Any optimism that the South African rand (ZAR) would continue its attempt to strengthen against the USD, appears to have gone out the window - following the news that Jacob Zuma survived another no-confidence vote. The rand was previously showing signs of strengthening on indications that President Zuma would be ousted, but the ZAR quickly lost all gains following the news that he had survived a ‘no confidence’ vote for the 8th time.
With traders showing signs of positioning themselves beforehand for a potential Zuma loss, the decision to keep him in power, has increased the risk of eliminating rand buyers from the market. At the time of writing, USD/ZAR has advanced 1.6% since Monday, with the rand declining against all G-10 currencies, including an overwhelming majority of additional currencies across the global markets.

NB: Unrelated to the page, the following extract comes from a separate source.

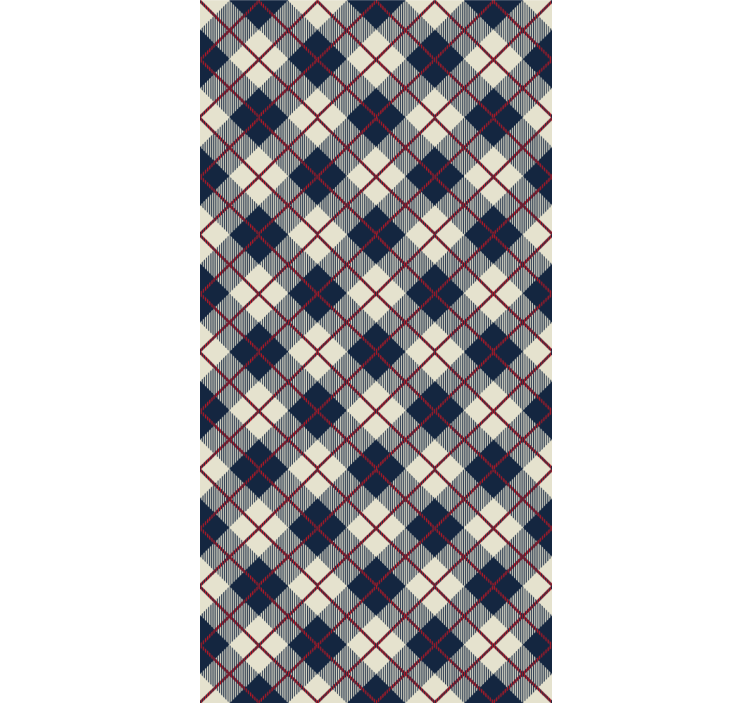Plaid Patterned Fabric modern roller blind - TenStickers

Following the news that Parliament has once again voted to offer President Zuma a lifeline, the risks on the rand are pointing towards further downward pressure. This is due to the likelihood that ongoing political risk will continue to dominate the South African headlines. Political turmoil has plagued the nation since the surprise removal of the respected Finance Minister, Pravin Gordhan, back in March. When one combines ongoing political risk, a technical recession and emerging concerns over potential political interference in the hallowed ground of monetary policy, it creates a picture that sellers will remain in control of the South African rand.
Gold and yen gain on Trump warning
Both Gold and the Japanese yen have shown signs of safe-haven buying from investors, following the overnight warning from US President Trump to North Korea. Donald Trump has been quoted throughout the global media as warning the North Korean regime, that any threat to the United States would be met with “fire and fury”. The South Korean won has also declined by over 0.8% - on the signs of another escalation of political tensions between North Korea and the United States.
The reaction to Trump’s overnight comments, clearly shows that all it takes is one “off the cuff” remark to wake markets up, even during the summer season of light market volatility.
Time to buy the Chinese yuan?
This one has slipped under the radar somewhat, with most of the spotlight today being focused on the escalating tensions between President Trump and North Korea. The yuan has continued to advance, after reaching a 10-month high against the dollar on Tuesday.
It’s been clear in recent weeks, that the People’s Bank of China (PBoC) is protecting the currency from further downside. However, even with China’s fundamentals improving, the yuan has only advanced approximately 3% against the dollar this year, whereas some major currencies like the euro and Australian dollar, have moved around 10%.
I think the momentum of the yuan is sending a clear signal that the currency will strengthen further over the coming months, and there is room for the yuan to advance another 2-3% before the end of 2017.
Limited reaction to OPEC meeting
The lack of reaction to the OPEC meeting in Abu Dhabi, is thought to be linked to the fact that the meetings’ focus was to discuss compliance, rather than deeper production cuts - a message that investors want to hear before they reload purchasing positions in oil. If the theme of the OPEC meeting in the United Arab Emirates (UAE) had been geared towards measures to reduce continued oversupply in the market, rather than compliance, investors would have watched the meeting in Abu Dhabi more closely.
The theme of “compliance” is likely to be used to show that the cartel are united in their efforts to stabilize the oil market, in terms of the current production cuts that are taking place. I expect to hear more messages from OPEC in this vein in the coming weeks.